Jainytic bets on Bobst, Konica Minolta to power its growth
The company has leveraged on a Konica Minolta digital press supplied and installed by Reifenhäuser and Konica Minolta India, and a Bobst narrow web flexo printing press to grow from INR three-crore to INR 40-crore in just three years.
06 Oct 2025 | 460 Views | By Treya Sinha
When Jainytic, a Noida-based label manufacturer, entered commercial production in 2022, its managing director, Nayan Jain, knew that the market was shifting. Customers were no longer satisfied with just long-run, conventional flexo labels; they wanted speed, flexibility, and premium finishing.
To meet that demand, Jainytic built its business around a blend of flexo, digital, and finishing technologies, with the Konica Minolta AccurioLabel digital press, supplied and installed in India by Reifenhäuser along with Konica Minolta, playing a pivotal role. “Digital changed the way we look at our customers,” says Jain. “With flexo, the economics simply don’t work for 500- or 1,000-m runs. Today, a customer can come to us with 100s of design options, and we can print samples for them the same day, without the burden of plate costs. It has made us faster, more flexible, and more competitive.”
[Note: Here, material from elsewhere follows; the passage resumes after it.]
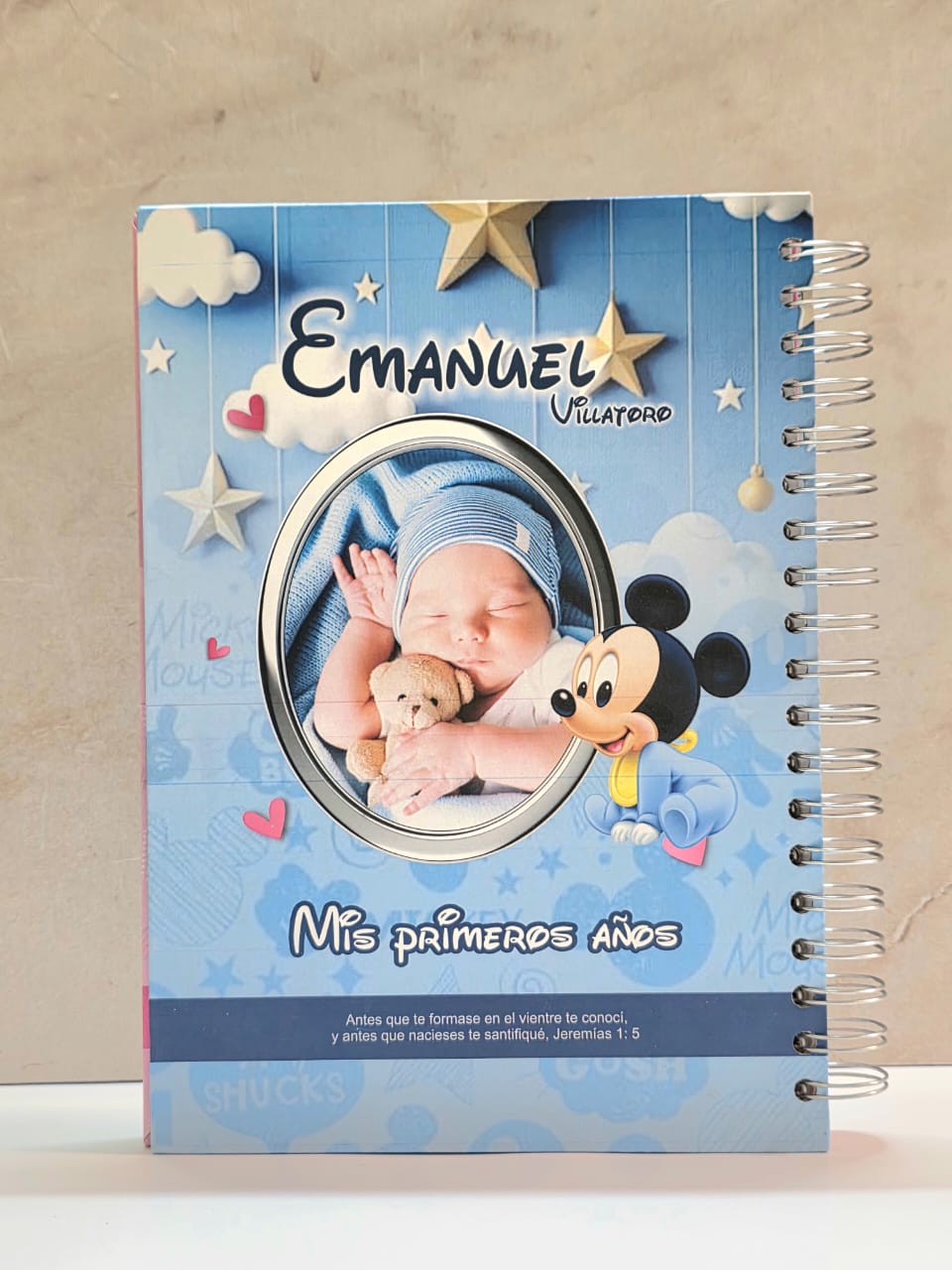Álbum Personalizado Para Bebé - Imagen 2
In 2021, Jain set up Jainytic targeting the labels and packaging sector. The company started small but grew rapidly, as the turnover rose from INR three-crore in the first year to a projected INR 40-crore in FY25. AccurioLabel advantage Jain credits this growth to a well-planned machinery strategy. “Our backbone is multicolour flexo printing presses, but the real differentiator has been the Konica Minolta digital press,” he said. The AccurioLabel 230 digital press, gave Jainytic an edge in servicing short-run and startup clients. Sampling, once a costly and time-consuming exercise, became a same-day service.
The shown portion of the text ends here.